» Task directions:
Each line below from the one containing "The First Epistle" through the one containing "The problem name" should be output exactly as it stands, and no other line should appear.

» Raw data:
▬▬▬

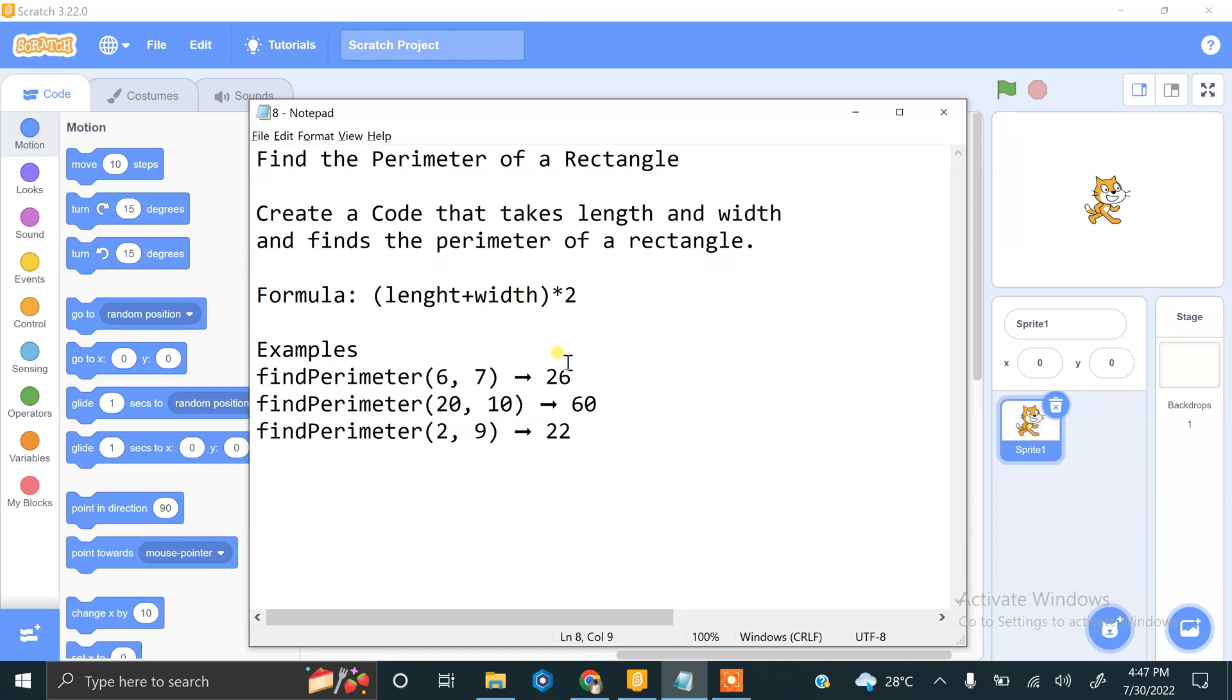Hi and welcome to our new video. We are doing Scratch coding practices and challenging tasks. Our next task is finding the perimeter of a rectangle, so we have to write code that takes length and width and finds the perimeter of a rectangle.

▬▬▬

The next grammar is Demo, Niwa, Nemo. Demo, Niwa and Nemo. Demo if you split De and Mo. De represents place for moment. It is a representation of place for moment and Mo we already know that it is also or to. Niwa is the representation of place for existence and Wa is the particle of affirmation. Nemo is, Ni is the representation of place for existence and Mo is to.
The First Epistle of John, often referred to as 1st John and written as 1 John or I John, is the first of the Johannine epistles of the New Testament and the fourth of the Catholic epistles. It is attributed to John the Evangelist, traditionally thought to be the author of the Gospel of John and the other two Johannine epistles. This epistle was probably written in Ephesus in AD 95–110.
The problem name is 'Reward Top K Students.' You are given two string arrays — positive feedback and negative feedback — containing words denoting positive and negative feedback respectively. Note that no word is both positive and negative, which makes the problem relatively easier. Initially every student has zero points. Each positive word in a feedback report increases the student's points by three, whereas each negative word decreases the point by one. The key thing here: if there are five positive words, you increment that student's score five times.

▬▬▬

» Result below:
The First Epistle of John, often referred to as 1st John and written as 1 John or I John, is the first of the Johannine epistles of the New Testament and the fourth of the Catholic epistles. It is attributed to John the Evangelist, traditionally thought to be the author of the Gospel of John and the other two Johannine epistles. This epistle was probably written in Ephesus in AD 95–110.
The problem name is 'Reward Top K Students.' You are given two string arrays — positive feedback and negative feedback — containing words denoting positive and negative feedback respectively. Note that no word is both positive and negative, which makes the problem relatively easier. Initially every student has zero points. Each positive word in a feedback report increases the student's points by three, whereas each negative word decreases the point by one. The key thing here: if there are five positive words, you increment that student's score five times.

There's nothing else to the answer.